Recorded data
■ ■ ■ ■

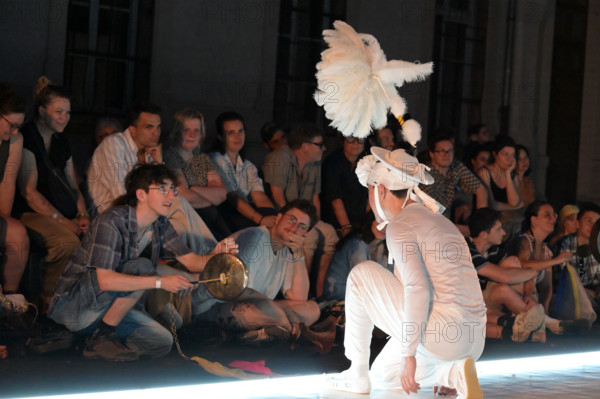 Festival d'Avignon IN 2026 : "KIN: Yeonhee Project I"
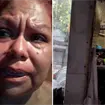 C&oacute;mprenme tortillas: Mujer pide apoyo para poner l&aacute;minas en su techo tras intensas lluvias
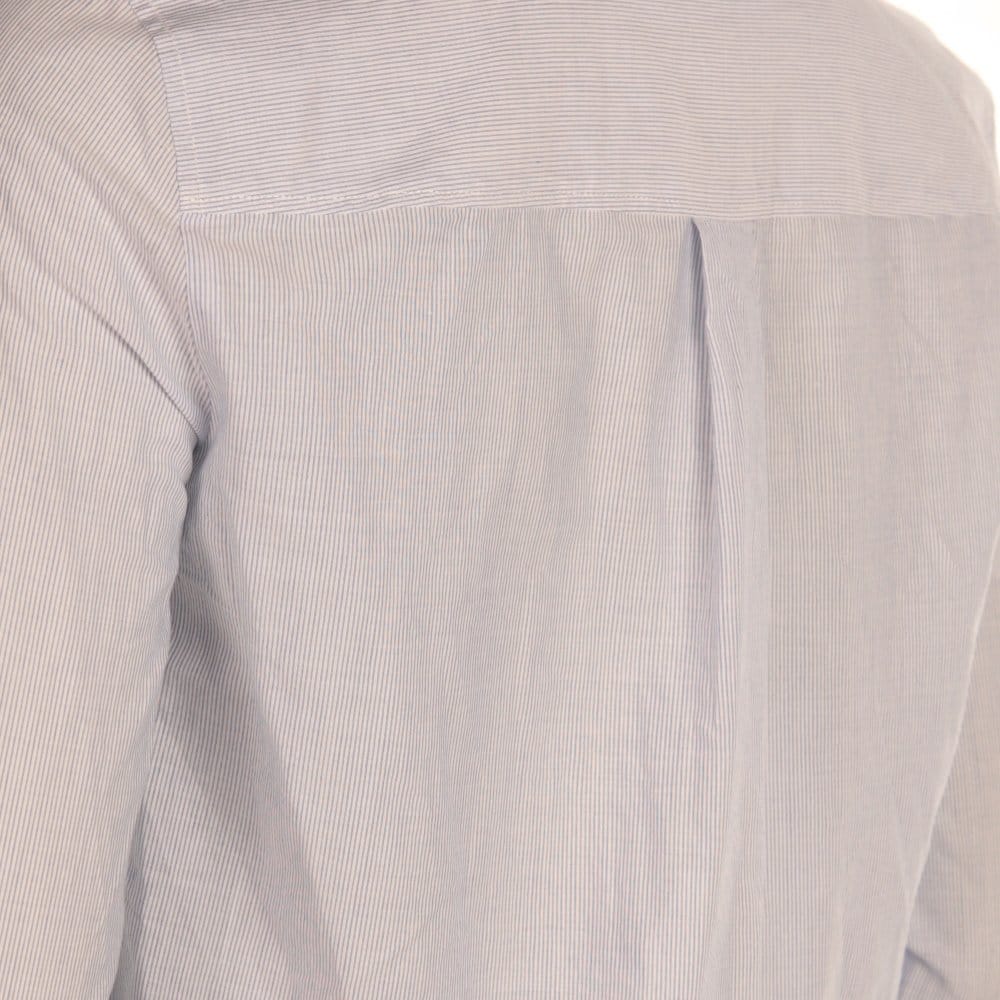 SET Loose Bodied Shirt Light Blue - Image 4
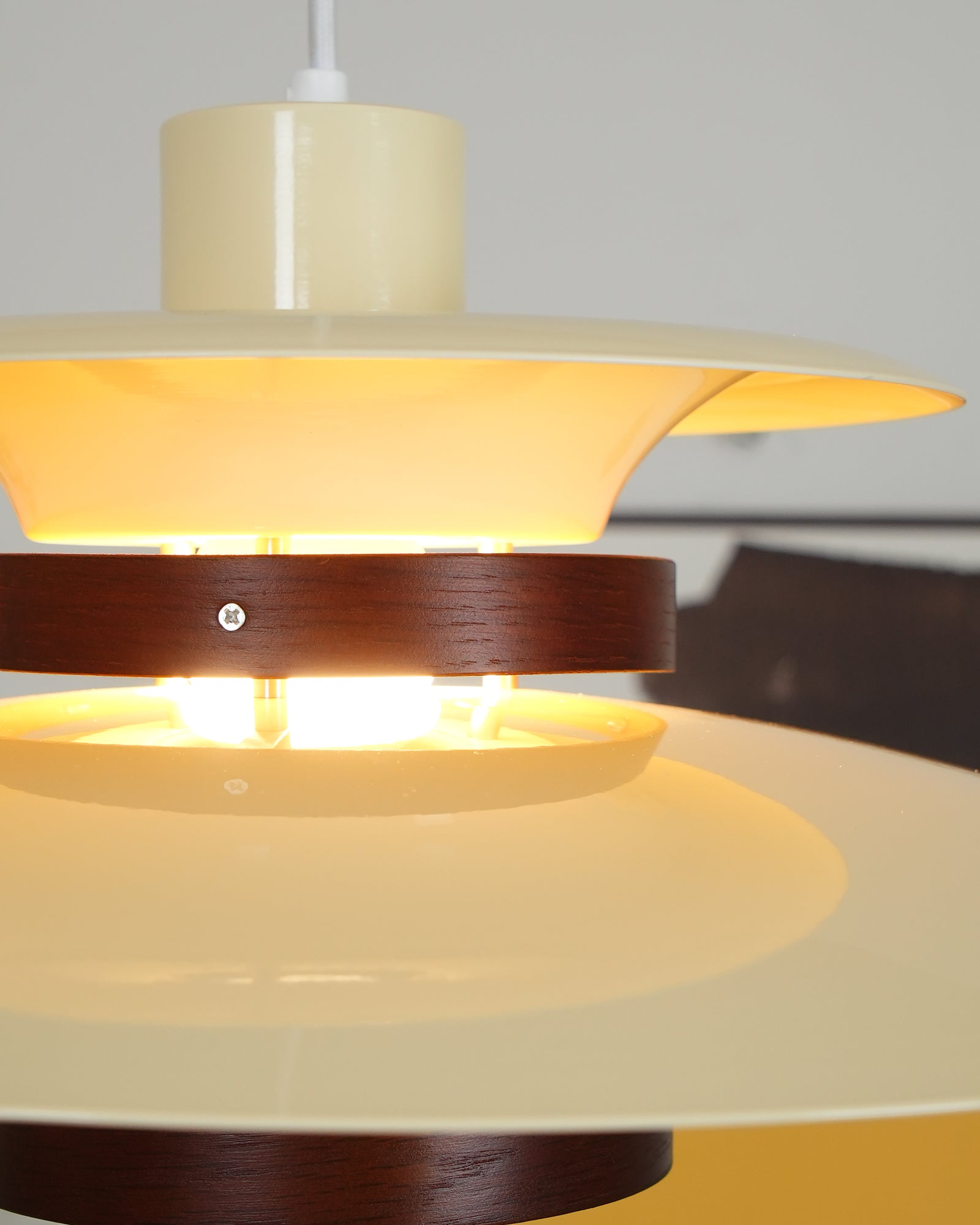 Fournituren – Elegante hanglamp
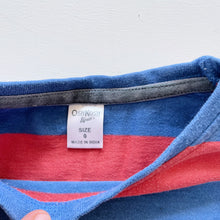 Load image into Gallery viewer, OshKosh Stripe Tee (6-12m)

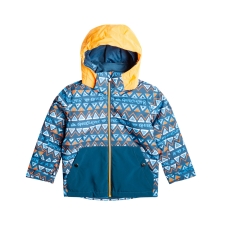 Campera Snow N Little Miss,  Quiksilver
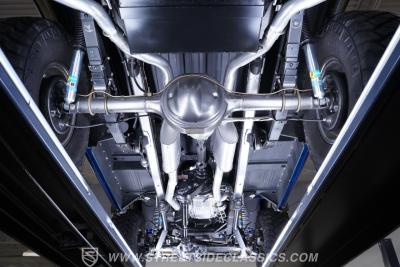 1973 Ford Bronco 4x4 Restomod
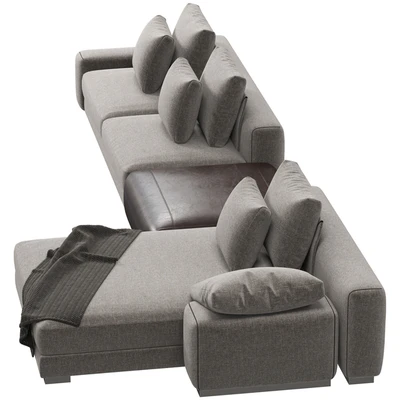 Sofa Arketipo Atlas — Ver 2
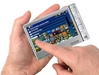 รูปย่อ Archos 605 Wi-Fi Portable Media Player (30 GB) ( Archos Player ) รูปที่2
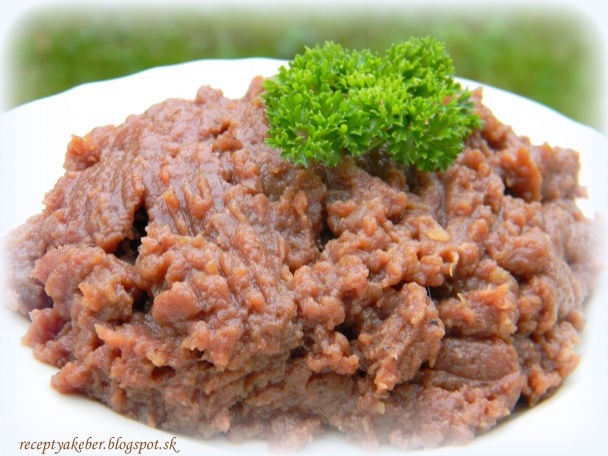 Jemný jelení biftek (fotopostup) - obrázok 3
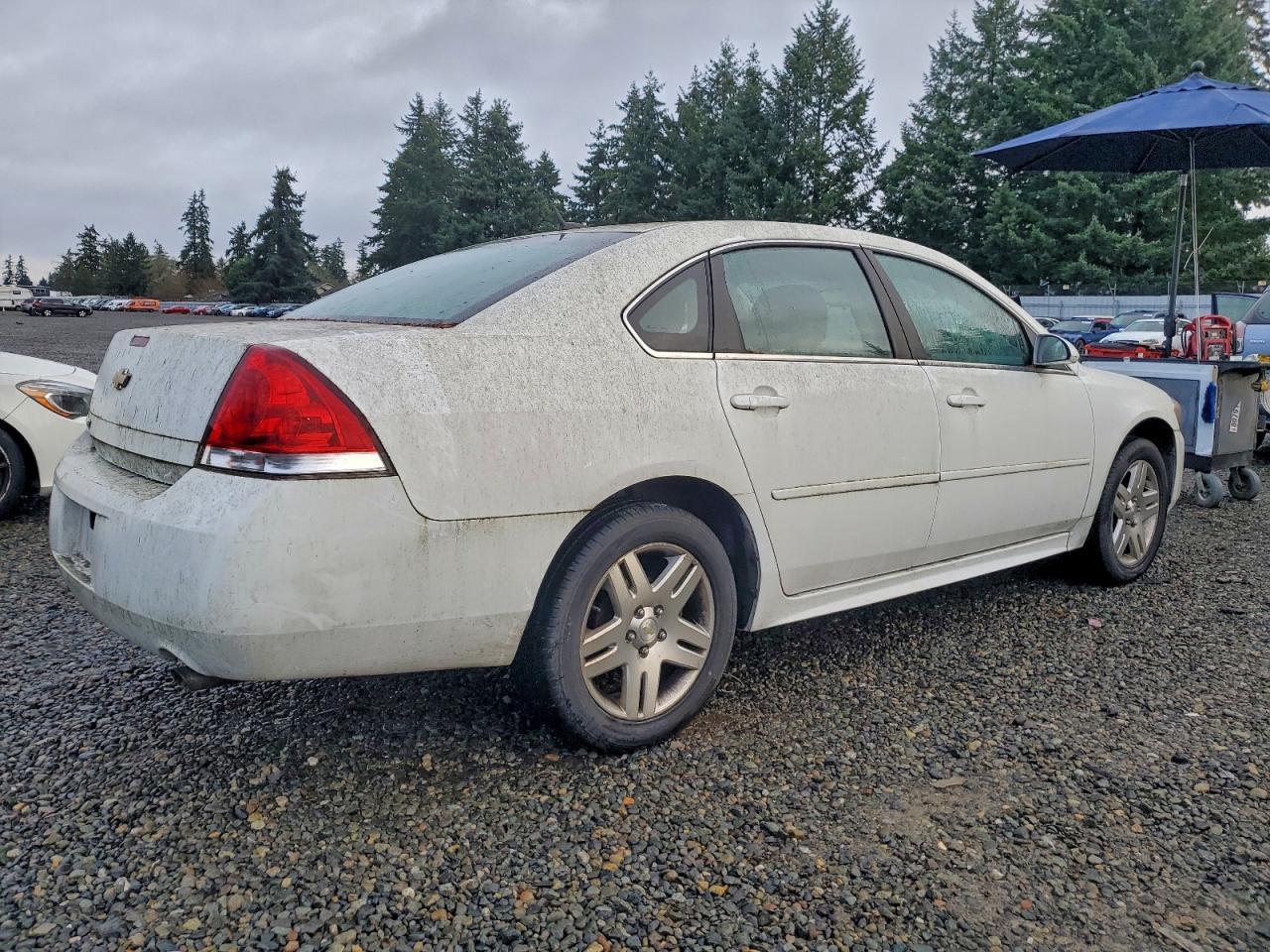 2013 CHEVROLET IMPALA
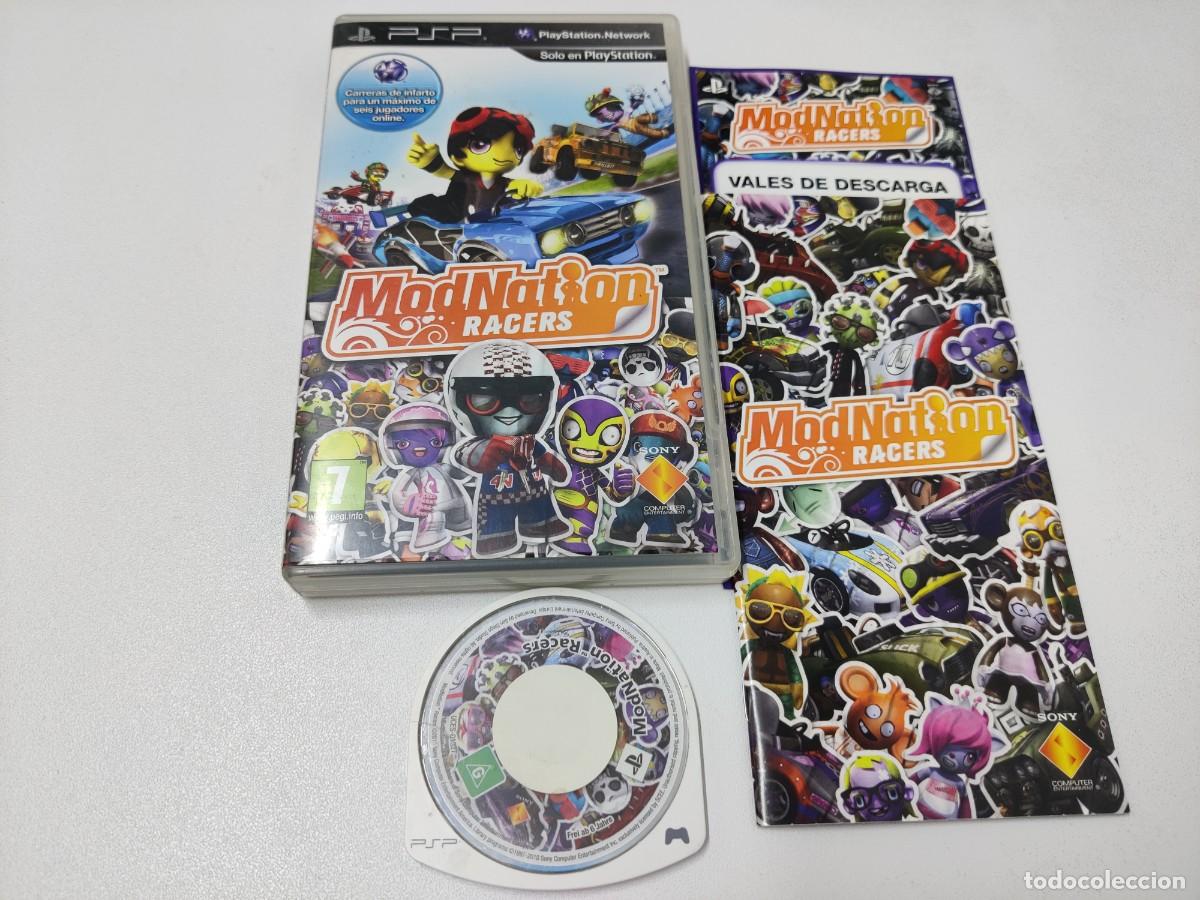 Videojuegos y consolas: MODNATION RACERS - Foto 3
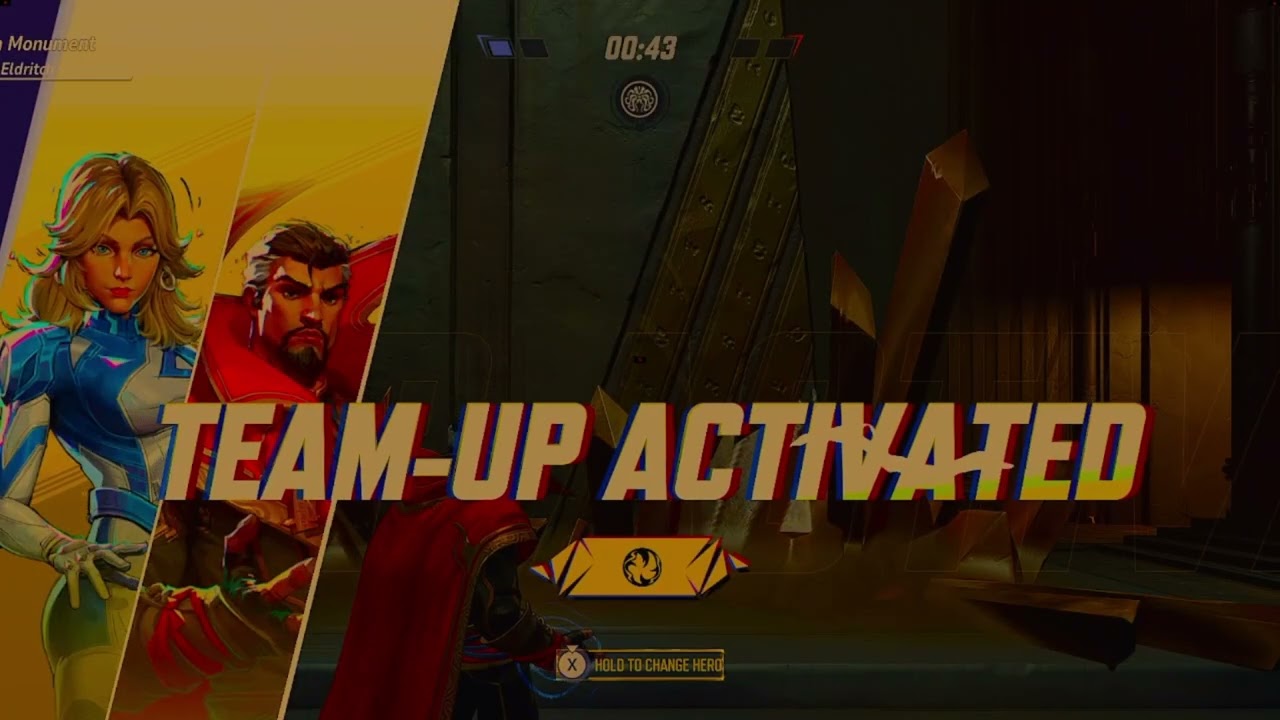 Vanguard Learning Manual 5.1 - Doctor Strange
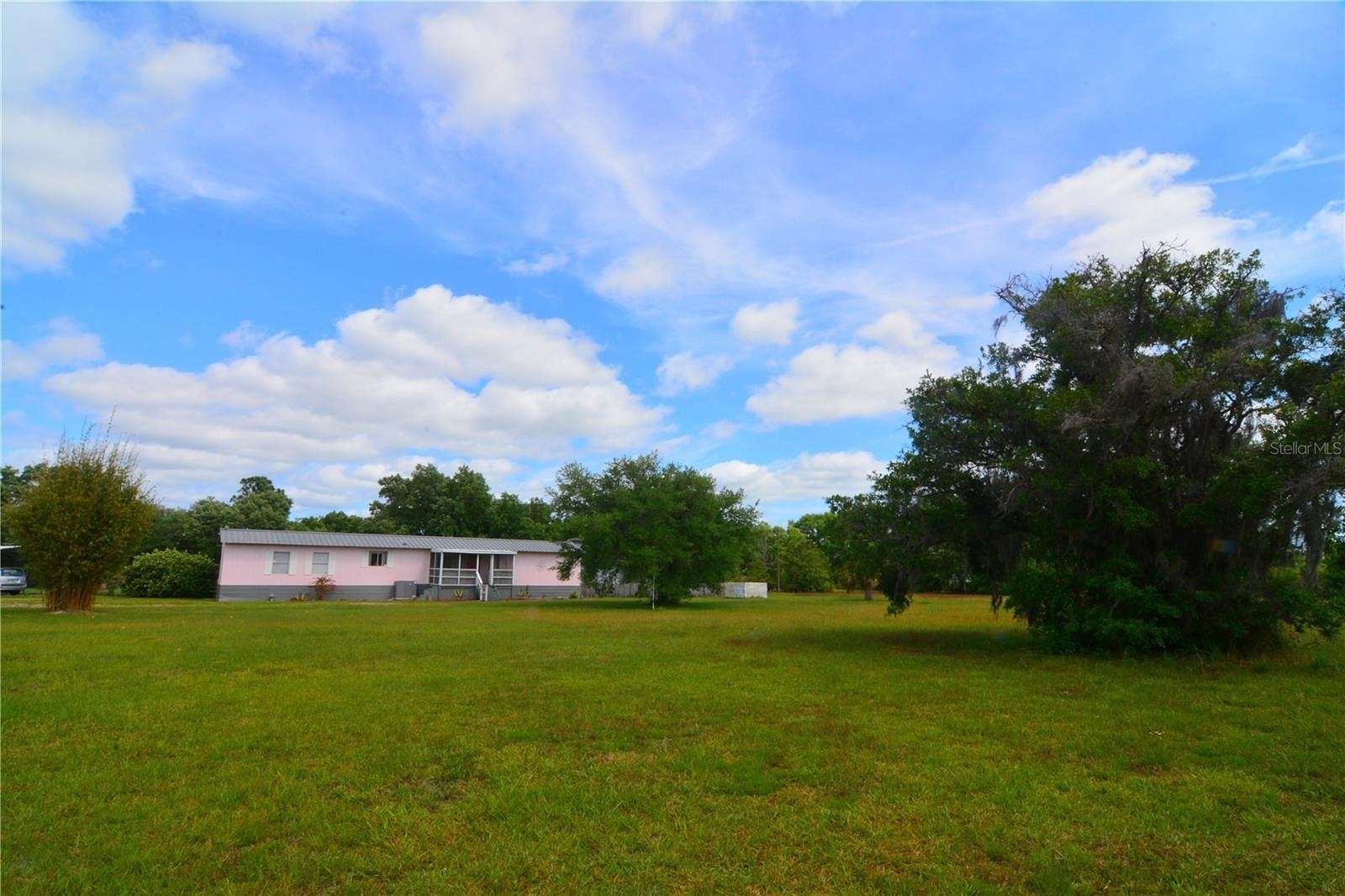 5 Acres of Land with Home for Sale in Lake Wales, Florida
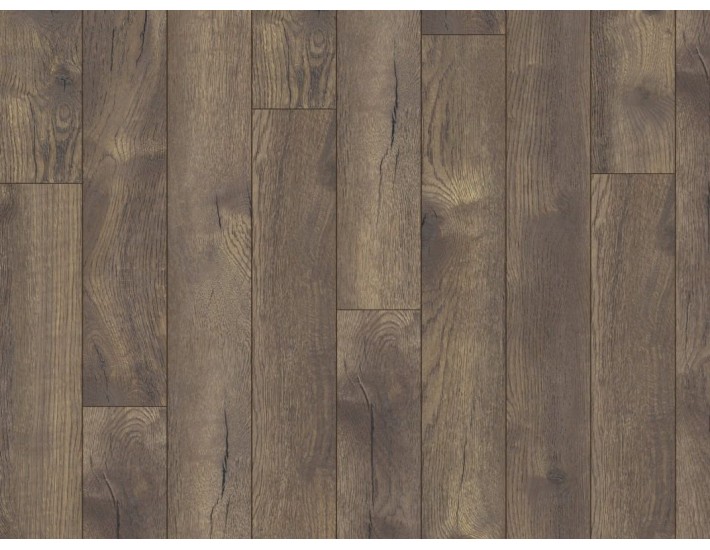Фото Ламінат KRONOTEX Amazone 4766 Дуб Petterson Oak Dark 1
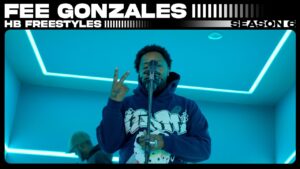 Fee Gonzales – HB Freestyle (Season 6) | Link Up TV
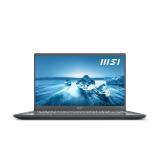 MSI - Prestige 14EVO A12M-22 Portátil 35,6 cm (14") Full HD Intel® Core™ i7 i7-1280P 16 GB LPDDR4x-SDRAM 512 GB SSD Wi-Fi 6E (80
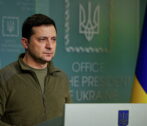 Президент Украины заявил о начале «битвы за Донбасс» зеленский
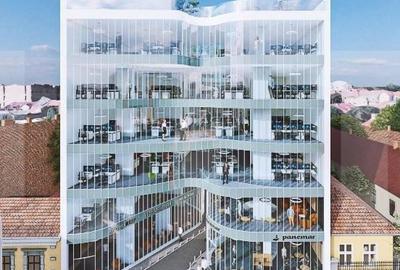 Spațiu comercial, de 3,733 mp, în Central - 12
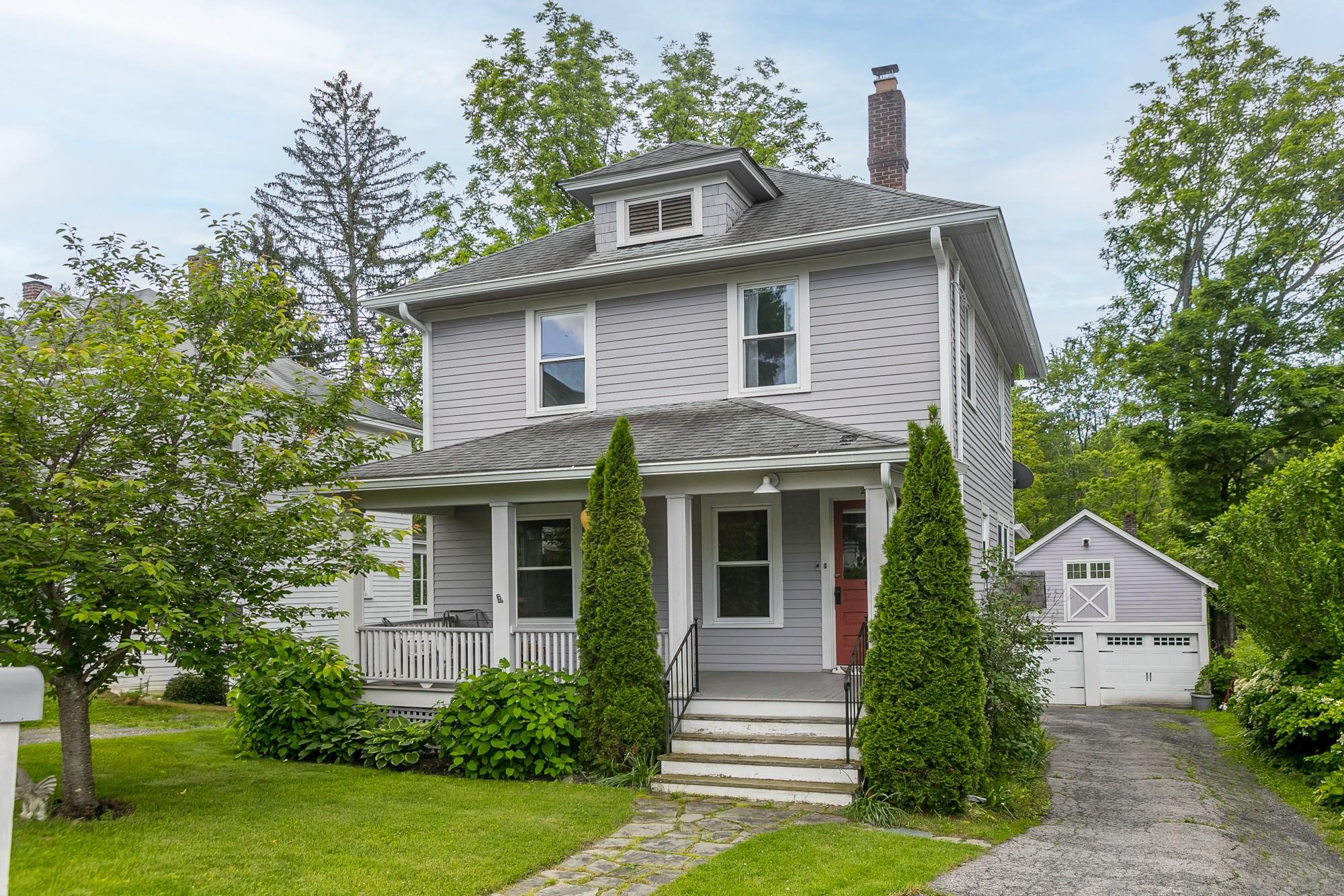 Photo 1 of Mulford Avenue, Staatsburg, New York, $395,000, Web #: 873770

■ ■ ■ ■

## Exercise description
Every line from the one containing "Sofa Arketipo Atlas — Ver 2" through the last line of the data, both included, is to be repeated exactly; the pictures are to be left out.

## Answer space
 Sofa Arketipo Atlas — Ver 2
 รูปย่อ Archos 605 Wi-Fi Portable Media Player (30 GB) ( Archos Player ) รูปที่2
 Jemný jelení biftek (fotopostup) - obrázok 3
 2013 CHEVROLET IMPALA
 Videojuegos y consolas: MODNATION RACERS - Foto 3
 Vanguard Learning Manual 5.1 - Doctor Strange
 5 Acres of Land with Home for Sale in Lake Wales, Florida
Фото Ламінат KRONOTEX Amazone 4766 Дуб Petterson Oak Dark 1
 Fee Gonzales – HB Freestyle (Season 6) | Link Up TV
 MSI - Prestige 14EVO A12M-22 Portátil 35,6 cm (14") Full HD Intel® Core™ i7 i7-1280P 16 GB LPDDR4x-SDRAM 512 GB SSD Wi-Fi 6E (80
 Президент Украины заявил о начале «битвы за Донбасс» зеленский
 Spațiu comercial, de 3,733 mp, în Central - 12
 Photo 1 of Mulford Avenue, Staatsburg, New York, $395,000, Web #: 873770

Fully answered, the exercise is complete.